Earlier this year, the rabbinate issued a letter to Israeli mohels that was seen as an effort to support the use of sterile pipettes. The letter followed an Israeli study which found that 30% of neonatal herpes in the country was attributable to MBP.
But in an April 22 letter to Teichtal from Morsiano, the rabbinate’s director of the division for circumcisions, the Israeli rabbi stressed that MBP was integral to the circumcision ritual. There is no justification for canceling MBP, he wrote, “unless the mohel has a sore in his mouth, or some infectious disease.” At the same time, Morsiano said that the mohel is required to get the family’s permission to perform the oral suction.
Medical authorities say that adult herpes carriers often have no sores and are unaware they are infectious.

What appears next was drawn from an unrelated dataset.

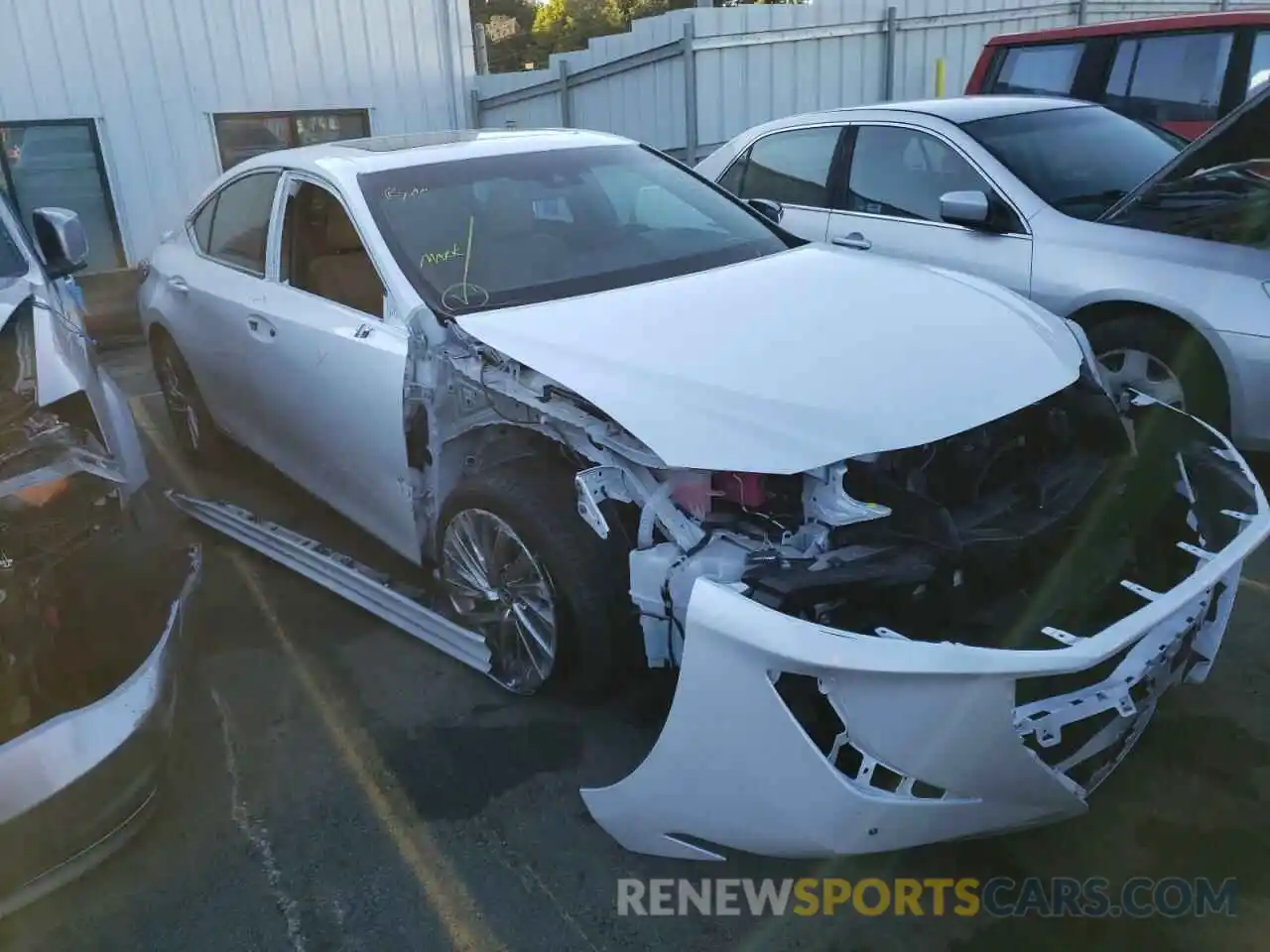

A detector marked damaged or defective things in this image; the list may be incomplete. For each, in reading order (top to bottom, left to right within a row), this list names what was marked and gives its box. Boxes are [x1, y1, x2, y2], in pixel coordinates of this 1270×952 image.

detached front bumper [0, 536, 200, 916]
damaged white lexus [139, 126, 1270, 865]
torn hood [456, 242, 1080, 472]
detached front bumper [583, 409, 1270, 865]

Yona Amitai, one of Israel’s most prominent pediatrics experts, said that in his view, the rabbinate had, through its letter, “highly discouraged” the alternative method of performing the rite with a sterile pipette. “I highly criticize this approach from the standpoint of public health despite the fact that I am religious,” Amitai said.
But Morsiano, in an interview with the Forward, insisted that he has not come out against the tube method, nor has he backtracked on the recent letter to Israeli mohels, which presented the sterile pipette method as equally valid. The intended meaning of the letter, according to him, was that “there is no justification to abolish [MBP] as an option for those who want it.”